THE construction of Sizewell C is likely to generate thousands of jobs and be worth hundreds of millions of pounds to the local economy.

EDF Energy say the project will generate £100m a year during construction and £40m a year thereafter.

Meanwhile they also claim that during the lifetime of the construction period some 25,000 on-site employment opportunities will be created.

At its peak the construction site workforce would be around 5,600 people, while other jobs would also be created off site via the supply chain and through increased economic activity in the area. Meanwhile during operation of the power station there will be around 900 permanent jobs available.

The company has also said it will create an employment brokerage service to support local people looking for work at Sizewell C - with a particular emphasis on the unemployed.

Bosses have pledged to work in partnership with schools, colleges, training providers and local authorities to help develop education programmes and ensure Suffolk has the skills required to support the construction of a new nuclear power station. This would include a focus on apprenticeships in the STEM subjects of science, technology, engineering and maths.

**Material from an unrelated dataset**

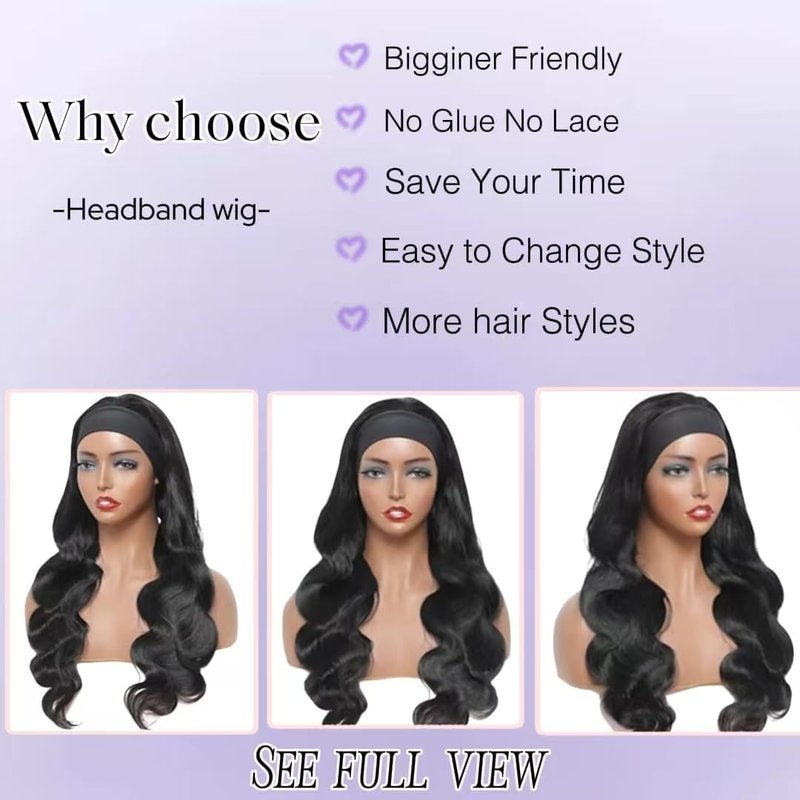 Headband Wig Human Hair Body Wave Wigs None Lace Front Wigs 100% Human Hair Brazilian Virgin 180% Density Natural Color (14inch)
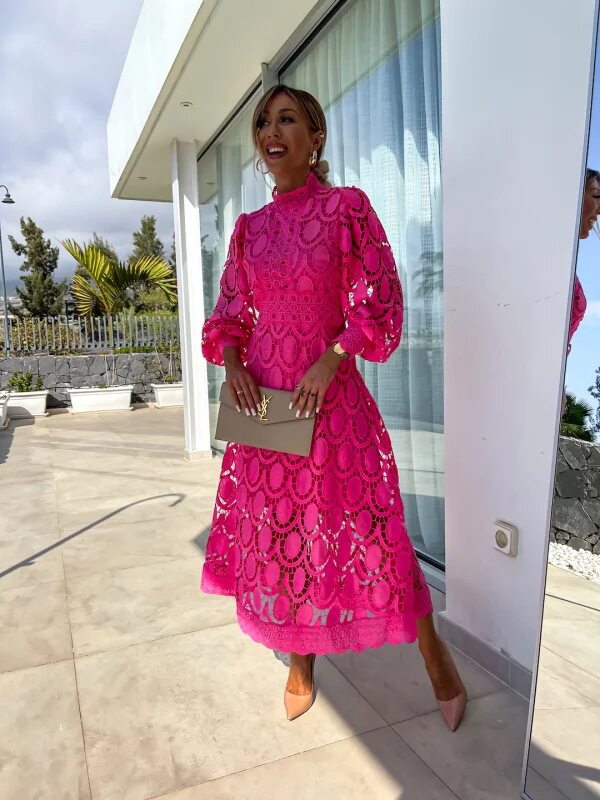 Lace Maxi Dress Sexy Hollow Out Long Sleeve Stand Collar Flared Hem Summer Occasion Wholesale Available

Angela Piearce, head of the Sizewell C project, said they would work to build long term sustainable skills for future generations.

“Many of the skills required during construction would be transferrable, opening up the opportunity for further employment once Sizewell C has been built,” she said.

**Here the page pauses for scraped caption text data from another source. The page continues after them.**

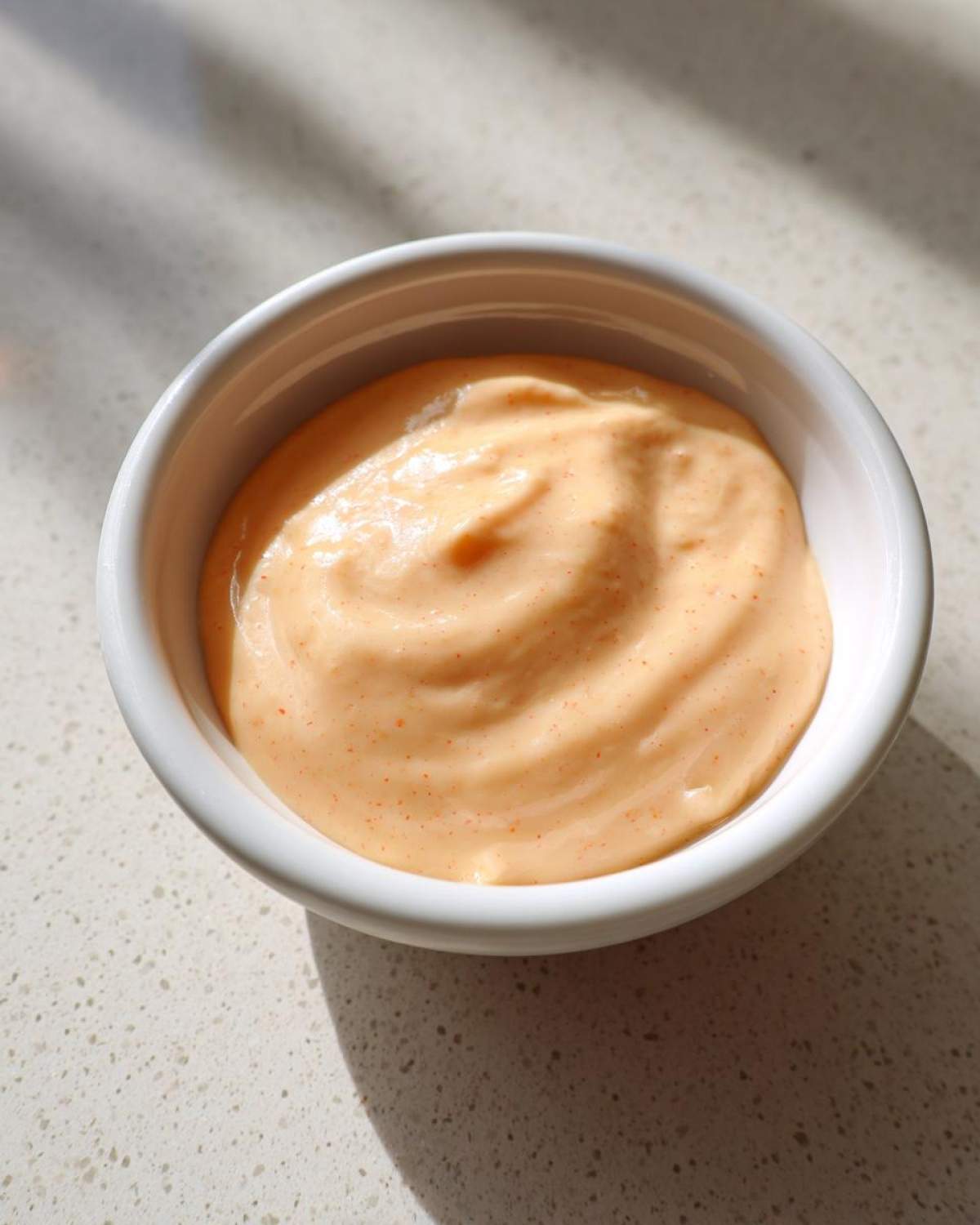 Close-up of creamy, orange-tinted Copycat Raising Cane’s Sauce swirled in a small white dipping bowl.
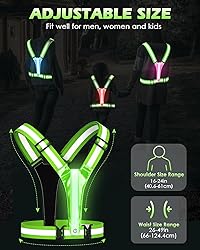Zacro LED Reflective Vest Running Gear, 5 Lights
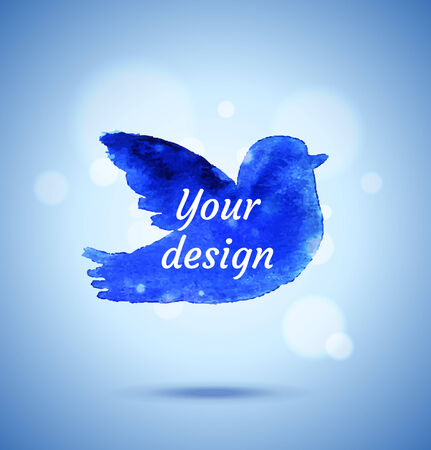 Watercolor blue bird background  illustration のイラスト素材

She also said they had been working closely with Suffolk and Norfolk chambers of commerce to provide opportunities for local businesses to supply their goods and services - with 80% of these related to “non nuclear” activities.

To register an interest in becoming a supplier or for more details visit www.sizewellsupplychain.co.uk.

The weighty documents outline how the company plans to progress the multi-billion pound Sizewell C project.

For the first time communities across Suffolk can see how they might be affected by the development which is expected to take between seven and nine years to build.

Today also sees the start of a lengthy consultation period so that people can have their say on the plans, which cover everything from road and rail alterations through to worker accommodation and environmental impacts.

The proposed 32 hectare site - immediately to the north of the existing Sizewell B - would feature two European Pressurised Reactors (EPRs) along with associated buildings, cooling water infrastructure and interim storage for nuclear waste and spent fuel.

There would also be a National Grid substation, sea protection, training centre and visitor centre.

New internal roads and car parking would be built, along with an access road to adjoin the B1122.

Although EDF is hoping to bring in most materials by sea a number of road and rail improvements have been suggested.

However it does not include a bypass around the A12 villages of Marlesford, Little Glemham, Stratford St Andrew and Farnham. Instead bosses either want to build a bypass at Farnham, widen the road around the narrow “Farnham bend” or introduce HGV traffic controls. Further along the A12 there would be improvements to the B1122 junction at Yoxford.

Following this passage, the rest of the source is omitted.